Published 12:00 am Sunday, February 26, 2023

“Hey young fella, who are your people? Where’d you grow up? Are you from the West End? What’s ya mama and daddy’s name?” If you grew up anywhere in close proximity to the Black community in the ’60s and ’70s you better have been able to withstand this line of direct questioning.

People used this hood interrogation style back in the day to gauge familiarity, determine possible familial relations, discern whether you should be inhabiting the space you were occupying or whether you were there just to cause trouble. A variation of this query still exists today, but it’s used more to maintain a caste system, justify an elitist attitude or to determine how much respect or disrespect to assign to you. We live in such a judgmental society based on incidental and irrelevant physical characteristics, many people pretend to be other than who they really are, live dual identities, create false personal narratives or withhold information like they’re living in witness protection under an assumed name.

Skinfolk have grown accustomed to having to be bilingual and donning a mask. We wear a temporary face covering and speak with an accent in our professional roles, then take it off and relax our tongues at home around other people who look like us. This isn’t new and I didn’t create the phenomenon. Poet Paul Laurence Dunbar brought it to light back in 1895 when he authored the poem, “We Wear the Mask.” He detailed how skinfolk hide their true feelings and emotions. He eloquently explained how the happy facial expressions people show are done so that others don’t recognize how they really feel. Welcome to my life everyday living as a Black man in America.

Last week, I was talking to a woman at Food Lion. She was close to my age, but doesn’t look like me. The conversation centered around a recent trip she took to Charleston, S.C., where she enjoyed a historical tour of the City Market and former slave auction area. She shared her disdain for how the tour guide engaged in revisionist history, erroneously explaining that no slaves were ever sold in the market. While this may be technically true, no captured Africans were sold inside the Market. Between 1670 and 1808, 1,000 cargoes of enslaved Africans entered the port of Charleston where many were sold on the adjacent streets. Does that somehow make this inhumane act, wrought with depravity, OK and easier to accept? So, are we rationalizing brutality and subjugation to see how much to be comfortable with?

It reminded me of a tour I took with my middle son a few years ago through the Hall House Museum located on South Jackson Street. I was enjoying the tour until we got to the final stop at the slave quarters in the rear of the main house. I’ve long made peace that this part of history is a reality in America. I was more interested in how my ancestors lived only blocks away from where I would eventually be raised. What changed my entire enjoyment level was the ignorant and uninformed words of the young female tour guide, who also looked nothing like me.
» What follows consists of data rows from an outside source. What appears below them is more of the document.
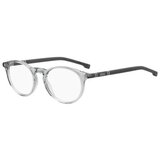 Boss BOSS1804 KB7 - ONE SIZE (47) | shoptok.hr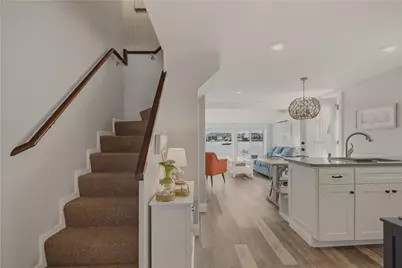 67 Cedar Avenue, Portsmouth, RI 02871 - Photo 4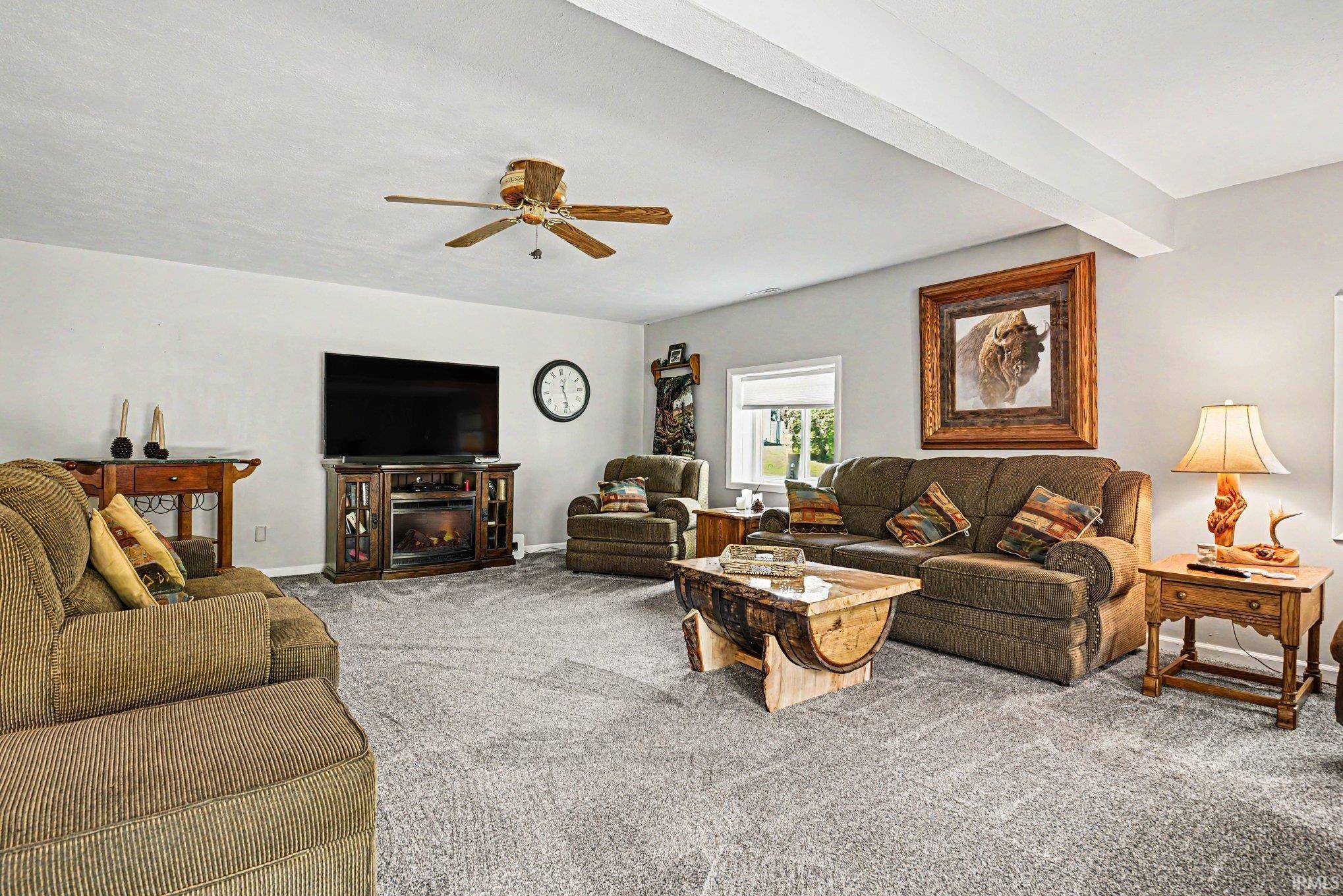 14349 Ireland Road Mishawaka IN 46544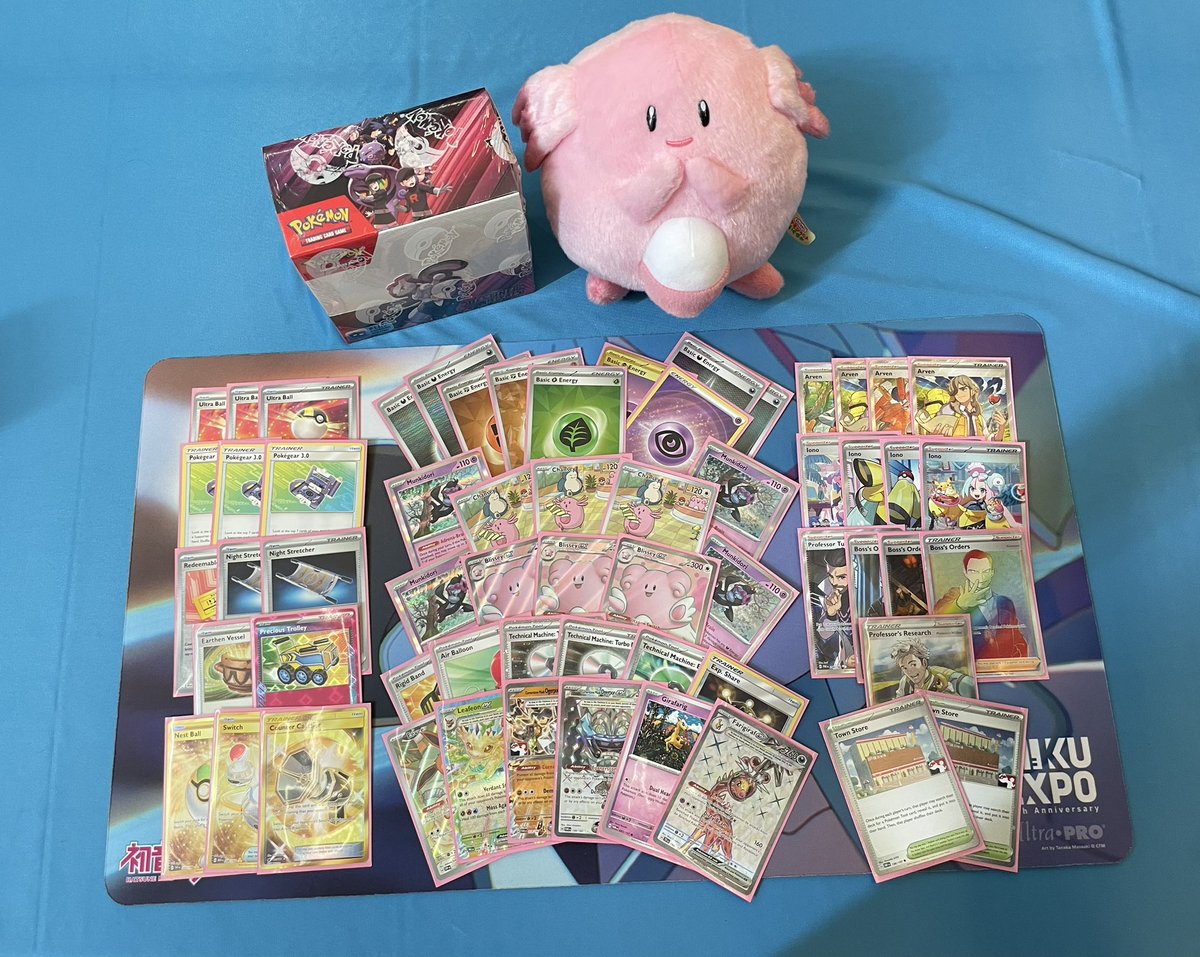 Bryan Ruby tweet media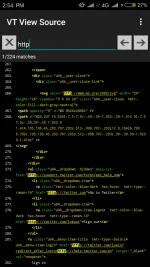 Screenshot_2020-11-26-14-54-59-920_com.tozalakyan.viewsource.png Screenshot_2020-11-26-14-54-59-920_com.tozalakyan.viewsource.png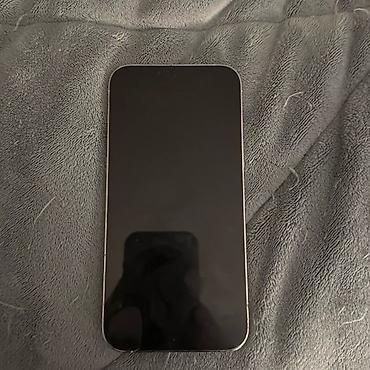 редми нот 12 с: 📱 iPhone 13 Pro Max — 256GB ✨ Абалы: абдан жакшы, таза 🔋 Батареясы — 2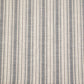 Designer Fabrics
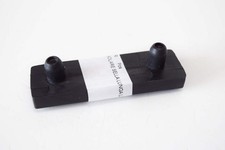 C372 - TAMPONE RETTANGOLARE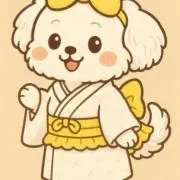 まめち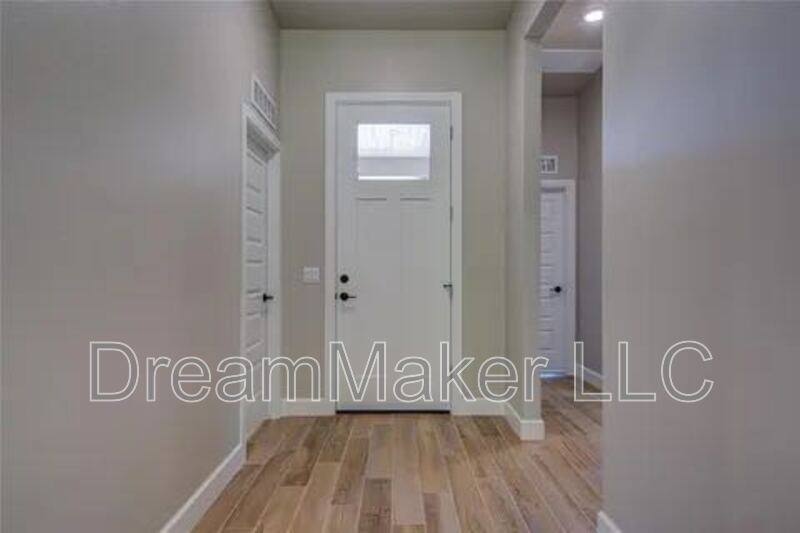 House for rent at 11079 Black Lion Court, Blanchard, OK 73010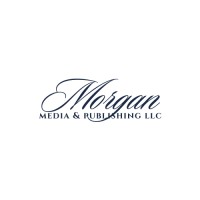 Morgan Media & Publishing LLC logo - Similar company to Sunbury Press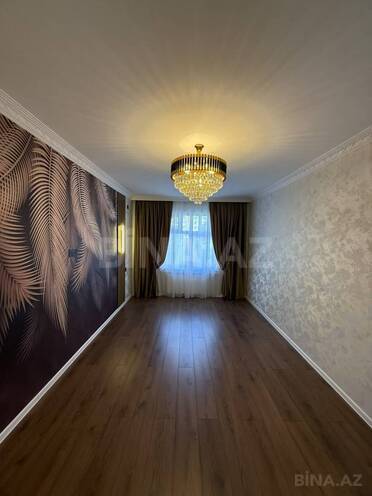 Продается 2-комн. вторичка 65 м², м. Ази Асланов, photo 3 from 16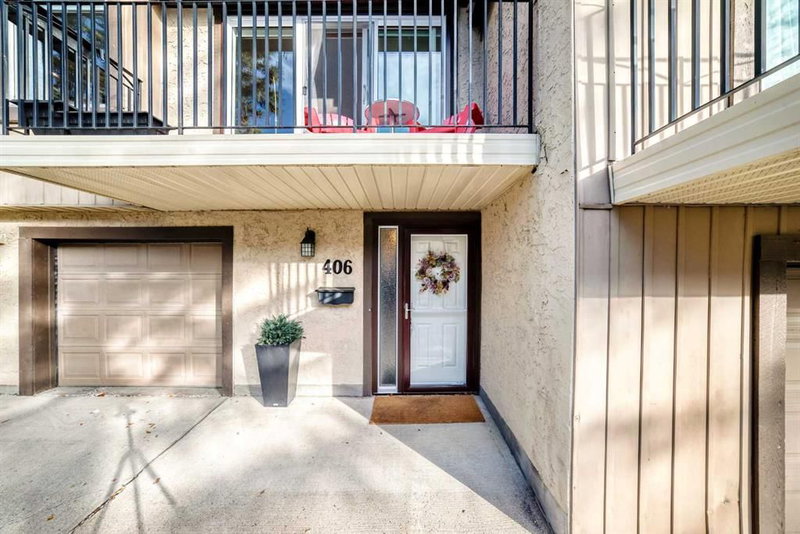 406 - 3130 66 Avenue SW, Calgary, T3E 5K8 | Image 2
As she moved from one of the only two rooms of the small shack that stood in contrast to the large multi-room home it labored for, she eagerly pointed to the names of slaves that had been etched on the wall. She beamed with pride as she said that after slavery was abolished many of those names willingly opted to remain on the property and continued working because they were treated so wonderfully when they were enslaved there. As I clutched my pearls, my eyes rolled so far back in my head, they momentarily stuck.

I thought back to the enslaved people in both scenarios and my heart sank. I thought of my ancestors standing on that platform in the Charleston Market area being stripped of their dignity, humanity and everything that was familiar and safe. In an instant, they had no religion, identity, language, culture, or family. I thought about the slaves at the Hall house, who were given freedom but no plan or resources to enjoy or sustain it. They had nowhere else to go. Neither group had options they could utilize so they did what was necessary to survive. My mind drifted to each of them clinging to hope that one day their progeny would fare better than their present situation. I realize I’m my ancestors hope and the physical manifestation of what they closed their eyes and prayed for while in bondage.

My history extends far beyond a cotton field plantation in Clover, S.C. I’ve been denied knowing all of my family history, heritage and lineage, but I do know I am the result of my enslaved ancestors’ wildest dreams.

Kenneth L. (Kenny Hardin) is a member pf the National Association of Black Journalists.